St. Nicholas was a bishop in Myra in the 3rd/4th century. As per one of the legends, there lived a poor man who couldn’t afford a dowry for his three daughters, so the bishop secretly brought three purses of gold coins, one for each daughter, and threw them into the house through an open window at night, so they could get married.

That and numerous other good deeds of generosity earned him the reputation of a gift-giver, so his name day became the day when ‘St. Nicholas’ brings gifts to children (well, nowadays, adults may get a little something as well) in Central and Western Europe.

Saint Nicholas (source)
Nowadays, with consumerism and all, in some families gifts can be quite fancy, and St. Nicholas is no longer the only gift-giver, since most people adopted the tradition of Santa Claus (and Grandpa Frost) as well.

However, most people where I live still consider St. Nicholas the main gift-bringer of the season and they mostly keep up the tradition of modest gifts, usually things a child needs.

Traditional St. Nicholas gifts are fruit, either fresh (oranges and mandarins) or dried (plums, pears, and apples, or figs), and nuts (most often walnuts, hazelnuts, or peanuts), clothes (such as new underwear and socks or winter-wear like gloves and hats or even a new pair of shoes/boots or a new piece of clothing to wear for the Midnight Mass.) Books, colouring books, or notebooks and writing/colouring utensils are also traditional gifts.

Of course, the most important part of celebrating St. Nicholas is the anticipation, trying to be as good as one can, or at least a little bit better than before, and writing letters to St. Nicholas.

If one was really, really naughty, St. Nick might give them over to devils, or so the adults would scare the kids. In the weeks before the holiday, the adults or older children from the neighbourhood would go around other houses where younger children lived in the evening and rattle with chains or knock on windows, pretending to be devils waiting to ‘get’ the ‘naughty’ child, but the scare usually only adds to the thrill.

On the evening before the holiday, the kitchen table would have to be made extra tidy and a large bowl would be placed on it, which would be full of presents in the morning.

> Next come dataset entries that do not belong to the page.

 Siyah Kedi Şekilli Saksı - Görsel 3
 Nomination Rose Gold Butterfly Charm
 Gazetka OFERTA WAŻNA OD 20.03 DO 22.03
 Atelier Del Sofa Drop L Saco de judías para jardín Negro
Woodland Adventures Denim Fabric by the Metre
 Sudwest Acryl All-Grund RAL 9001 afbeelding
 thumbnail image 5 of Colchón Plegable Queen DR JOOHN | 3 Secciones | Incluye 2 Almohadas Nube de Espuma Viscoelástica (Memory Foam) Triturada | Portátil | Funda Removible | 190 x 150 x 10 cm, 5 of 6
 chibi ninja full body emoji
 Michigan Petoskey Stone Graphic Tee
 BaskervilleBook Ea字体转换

In Catholic families, St. Nicholas would bring some presents at home, but he would also bring some at a church event, so the children can ‘meet’ him, and usually there would be also a short play with St. Nicholas, angels, and devils (who would in the end go hide behind the altar and lay in wait should St. Nick deem any kid naughty enough to give him or her over to them – which never happens, of course. ;))

It would all be very exciting, albeit a little scary, but the scare is part of the excitement, as I’ve said.

St. Nicholas's procession in Ljubljana (source)
Now I’ve relived some of my favourite childhood memories and I am grinning from ear to ear. And why, yes, I still get excited about St. Nicholas like a five-year-old, not as much for potential gifts, but for the spirit of the holiday.

What about you? Have you heard of St. Nicholas bringing gifts on the 6th of December? Is it him or someone else bringing presents where you live?

I’d love to hear some of your memories and gift-giving traditions, so feel free to share them in the comments.